▶ _RECORDS SHOWN_
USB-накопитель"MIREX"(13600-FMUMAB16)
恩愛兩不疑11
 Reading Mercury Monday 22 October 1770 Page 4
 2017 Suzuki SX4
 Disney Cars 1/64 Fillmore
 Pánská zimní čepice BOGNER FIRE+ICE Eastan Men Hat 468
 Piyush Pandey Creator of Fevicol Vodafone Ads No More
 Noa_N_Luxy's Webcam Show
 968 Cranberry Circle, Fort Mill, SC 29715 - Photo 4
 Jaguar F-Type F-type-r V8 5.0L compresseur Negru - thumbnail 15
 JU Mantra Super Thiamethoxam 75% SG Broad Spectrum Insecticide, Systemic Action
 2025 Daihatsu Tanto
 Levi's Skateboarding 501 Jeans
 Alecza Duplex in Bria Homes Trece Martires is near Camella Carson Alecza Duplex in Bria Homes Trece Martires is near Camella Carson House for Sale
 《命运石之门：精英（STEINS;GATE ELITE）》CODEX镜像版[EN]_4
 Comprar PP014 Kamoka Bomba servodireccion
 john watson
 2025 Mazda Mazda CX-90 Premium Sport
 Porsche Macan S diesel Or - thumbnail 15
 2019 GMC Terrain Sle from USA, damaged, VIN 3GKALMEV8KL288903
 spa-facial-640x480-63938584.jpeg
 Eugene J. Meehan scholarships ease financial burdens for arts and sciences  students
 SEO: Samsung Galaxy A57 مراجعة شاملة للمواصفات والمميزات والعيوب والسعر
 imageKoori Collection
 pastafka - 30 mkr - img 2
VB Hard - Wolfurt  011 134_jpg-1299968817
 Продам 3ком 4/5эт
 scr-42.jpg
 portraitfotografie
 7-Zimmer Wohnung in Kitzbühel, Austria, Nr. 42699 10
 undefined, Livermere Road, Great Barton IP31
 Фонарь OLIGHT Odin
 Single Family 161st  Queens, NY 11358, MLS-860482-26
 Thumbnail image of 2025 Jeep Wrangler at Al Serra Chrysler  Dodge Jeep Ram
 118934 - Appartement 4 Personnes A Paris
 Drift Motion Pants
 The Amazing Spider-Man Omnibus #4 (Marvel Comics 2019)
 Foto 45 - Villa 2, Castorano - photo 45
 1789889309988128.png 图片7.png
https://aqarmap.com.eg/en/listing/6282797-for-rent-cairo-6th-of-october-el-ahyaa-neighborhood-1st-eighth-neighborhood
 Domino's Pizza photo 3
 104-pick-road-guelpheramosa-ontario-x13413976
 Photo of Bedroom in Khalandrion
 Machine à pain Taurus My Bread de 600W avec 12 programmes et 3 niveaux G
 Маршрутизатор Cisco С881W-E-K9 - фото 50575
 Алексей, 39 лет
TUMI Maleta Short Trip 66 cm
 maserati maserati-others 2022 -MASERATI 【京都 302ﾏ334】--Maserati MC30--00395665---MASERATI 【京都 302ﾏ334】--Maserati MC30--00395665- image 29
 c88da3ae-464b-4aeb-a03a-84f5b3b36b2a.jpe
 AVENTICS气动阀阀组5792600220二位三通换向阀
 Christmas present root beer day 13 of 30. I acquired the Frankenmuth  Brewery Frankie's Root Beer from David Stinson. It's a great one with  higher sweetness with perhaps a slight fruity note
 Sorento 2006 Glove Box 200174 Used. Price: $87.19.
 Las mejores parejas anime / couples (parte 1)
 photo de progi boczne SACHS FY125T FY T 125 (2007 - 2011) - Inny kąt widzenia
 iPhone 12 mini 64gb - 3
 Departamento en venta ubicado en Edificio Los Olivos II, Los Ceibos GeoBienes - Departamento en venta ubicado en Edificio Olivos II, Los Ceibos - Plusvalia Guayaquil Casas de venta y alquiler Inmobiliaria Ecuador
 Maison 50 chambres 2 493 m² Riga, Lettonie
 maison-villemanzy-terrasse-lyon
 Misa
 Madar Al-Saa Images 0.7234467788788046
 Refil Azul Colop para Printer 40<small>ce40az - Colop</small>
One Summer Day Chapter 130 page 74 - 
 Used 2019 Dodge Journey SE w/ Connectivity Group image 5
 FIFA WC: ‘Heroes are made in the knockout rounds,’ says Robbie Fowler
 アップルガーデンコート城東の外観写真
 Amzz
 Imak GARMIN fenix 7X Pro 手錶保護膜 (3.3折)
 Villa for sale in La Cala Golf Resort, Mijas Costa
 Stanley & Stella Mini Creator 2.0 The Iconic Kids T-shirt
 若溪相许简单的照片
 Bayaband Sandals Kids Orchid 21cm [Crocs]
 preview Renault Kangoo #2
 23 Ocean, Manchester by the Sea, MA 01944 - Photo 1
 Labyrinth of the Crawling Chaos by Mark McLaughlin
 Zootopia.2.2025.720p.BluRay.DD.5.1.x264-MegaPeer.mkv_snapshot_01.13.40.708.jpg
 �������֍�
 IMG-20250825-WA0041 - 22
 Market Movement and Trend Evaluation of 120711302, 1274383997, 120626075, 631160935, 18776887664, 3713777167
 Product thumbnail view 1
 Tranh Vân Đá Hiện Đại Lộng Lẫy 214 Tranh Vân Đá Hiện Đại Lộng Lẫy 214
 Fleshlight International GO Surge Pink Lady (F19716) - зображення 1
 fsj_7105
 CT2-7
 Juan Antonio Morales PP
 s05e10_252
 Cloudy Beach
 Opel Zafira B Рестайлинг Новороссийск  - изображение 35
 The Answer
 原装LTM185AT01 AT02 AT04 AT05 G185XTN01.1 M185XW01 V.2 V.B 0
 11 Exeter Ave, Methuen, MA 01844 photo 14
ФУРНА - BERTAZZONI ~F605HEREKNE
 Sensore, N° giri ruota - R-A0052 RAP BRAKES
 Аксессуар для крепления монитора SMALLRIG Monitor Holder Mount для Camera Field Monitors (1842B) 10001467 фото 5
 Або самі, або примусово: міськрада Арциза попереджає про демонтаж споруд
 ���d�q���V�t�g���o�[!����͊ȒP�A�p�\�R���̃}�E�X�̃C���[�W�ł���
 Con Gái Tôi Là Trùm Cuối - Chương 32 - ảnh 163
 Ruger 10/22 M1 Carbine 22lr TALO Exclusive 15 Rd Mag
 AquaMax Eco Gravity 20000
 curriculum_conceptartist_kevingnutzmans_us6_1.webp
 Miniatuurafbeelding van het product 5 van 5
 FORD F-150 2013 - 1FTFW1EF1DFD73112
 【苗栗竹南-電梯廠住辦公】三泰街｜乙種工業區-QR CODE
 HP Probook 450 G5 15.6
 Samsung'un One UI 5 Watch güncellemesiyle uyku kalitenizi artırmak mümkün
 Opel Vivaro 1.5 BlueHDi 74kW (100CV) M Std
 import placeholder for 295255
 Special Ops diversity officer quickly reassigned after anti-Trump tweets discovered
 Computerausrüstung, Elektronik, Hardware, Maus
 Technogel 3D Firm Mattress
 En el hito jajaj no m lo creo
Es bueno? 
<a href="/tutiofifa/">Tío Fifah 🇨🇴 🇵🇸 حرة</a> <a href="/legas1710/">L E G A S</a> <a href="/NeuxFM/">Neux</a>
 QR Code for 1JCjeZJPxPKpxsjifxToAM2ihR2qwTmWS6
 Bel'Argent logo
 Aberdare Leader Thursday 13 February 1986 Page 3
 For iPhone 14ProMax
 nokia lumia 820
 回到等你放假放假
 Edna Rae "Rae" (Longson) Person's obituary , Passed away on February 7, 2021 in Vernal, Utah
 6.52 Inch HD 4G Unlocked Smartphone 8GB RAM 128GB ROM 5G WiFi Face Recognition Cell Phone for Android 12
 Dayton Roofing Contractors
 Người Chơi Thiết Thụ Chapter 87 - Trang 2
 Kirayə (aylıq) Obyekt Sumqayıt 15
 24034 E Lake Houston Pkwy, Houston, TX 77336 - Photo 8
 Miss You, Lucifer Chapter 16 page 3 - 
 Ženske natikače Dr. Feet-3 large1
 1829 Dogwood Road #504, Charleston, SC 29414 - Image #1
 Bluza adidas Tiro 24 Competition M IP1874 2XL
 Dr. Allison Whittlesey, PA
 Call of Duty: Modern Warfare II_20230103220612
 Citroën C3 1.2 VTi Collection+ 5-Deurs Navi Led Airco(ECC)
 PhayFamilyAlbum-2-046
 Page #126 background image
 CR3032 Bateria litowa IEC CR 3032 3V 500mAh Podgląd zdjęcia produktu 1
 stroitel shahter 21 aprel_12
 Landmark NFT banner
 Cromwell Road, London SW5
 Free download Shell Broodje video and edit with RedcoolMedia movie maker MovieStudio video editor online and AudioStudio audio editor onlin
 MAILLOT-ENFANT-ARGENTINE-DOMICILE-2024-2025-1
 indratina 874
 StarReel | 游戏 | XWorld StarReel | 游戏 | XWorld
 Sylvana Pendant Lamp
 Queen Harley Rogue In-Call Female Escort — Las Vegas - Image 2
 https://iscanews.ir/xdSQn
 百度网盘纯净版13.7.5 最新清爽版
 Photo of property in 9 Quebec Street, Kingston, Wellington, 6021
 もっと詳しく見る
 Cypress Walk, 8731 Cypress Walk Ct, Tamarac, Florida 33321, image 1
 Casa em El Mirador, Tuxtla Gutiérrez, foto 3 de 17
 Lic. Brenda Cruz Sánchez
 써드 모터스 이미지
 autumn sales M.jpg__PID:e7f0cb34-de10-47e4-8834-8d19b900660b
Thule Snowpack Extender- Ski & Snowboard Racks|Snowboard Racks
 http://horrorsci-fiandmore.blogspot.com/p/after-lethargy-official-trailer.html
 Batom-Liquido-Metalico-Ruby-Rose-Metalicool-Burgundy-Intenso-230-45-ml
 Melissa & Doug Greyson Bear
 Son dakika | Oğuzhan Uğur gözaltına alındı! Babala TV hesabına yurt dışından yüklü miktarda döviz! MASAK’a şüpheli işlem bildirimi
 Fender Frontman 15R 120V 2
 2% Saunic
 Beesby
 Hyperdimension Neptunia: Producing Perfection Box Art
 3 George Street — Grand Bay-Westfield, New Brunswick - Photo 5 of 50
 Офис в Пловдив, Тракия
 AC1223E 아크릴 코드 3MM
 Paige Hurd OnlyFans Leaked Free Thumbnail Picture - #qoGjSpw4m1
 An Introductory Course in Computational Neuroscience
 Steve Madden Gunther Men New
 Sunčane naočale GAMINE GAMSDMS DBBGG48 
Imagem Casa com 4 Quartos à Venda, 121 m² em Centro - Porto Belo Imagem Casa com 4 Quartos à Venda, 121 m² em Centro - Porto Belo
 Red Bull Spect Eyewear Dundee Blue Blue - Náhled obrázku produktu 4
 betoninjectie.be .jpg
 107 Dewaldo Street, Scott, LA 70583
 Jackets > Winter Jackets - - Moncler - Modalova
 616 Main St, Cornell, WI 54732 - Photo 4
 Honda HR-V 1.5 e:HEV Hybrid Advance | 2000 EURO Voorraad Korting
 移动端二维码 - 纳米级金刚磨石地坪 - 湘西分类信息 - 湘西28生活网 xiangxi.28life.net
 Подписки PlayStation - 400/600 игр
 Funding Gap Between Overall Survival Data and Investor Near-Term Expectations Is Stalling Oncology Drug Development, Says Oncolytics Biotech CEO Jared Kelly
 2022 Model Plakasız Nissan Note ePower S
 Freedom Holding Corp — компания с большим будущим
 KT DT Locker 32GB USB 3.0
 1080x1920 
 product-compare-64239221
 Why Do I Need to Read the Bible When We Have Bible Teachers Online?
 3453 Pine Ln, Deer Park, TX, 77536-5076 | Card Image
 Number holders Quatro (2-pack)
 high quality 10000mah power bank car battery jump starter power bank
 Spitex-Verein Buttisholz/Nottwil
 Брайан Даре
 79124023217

▶ _ASSIGNMENT_
Extract from the records above the lines from the one containing "Photo of property" to the one containing "Melissa & Doug Greyson Bear", both lines included, exactly as they appear and with nothing else.

▶ _SOLUTION_
 Photo of property in 9 Quebec Street, Kingston, Wellington, 6021
 もっと詳しく見る
 Cypress Walk, 8731 Cypress Walk Ct, Tamarac, Florida 33321, image 1
 Casa em El Mirador, Tuxtla Gutiérrez, foto 3 de 17
 Lic. Brenda Cruz Sánchez
 써드 모터스 이미지
 autumn sales M.jpg__PID:e7f0cb34-de10-47e4-8834-8d19b900660b
Thule Snowpack Extender- Ski & Snowboard Racks|Snowboard Racks
 http://horrorsci-fiandmore.blogspot.com/p/after-lethargy-official-trailer.html
 Batom-Liquido-Metalico-Ruby-Rose-Metalicool-Burgundy-Intenso-230-45-ml
 Melissa & Doug Greyson Bear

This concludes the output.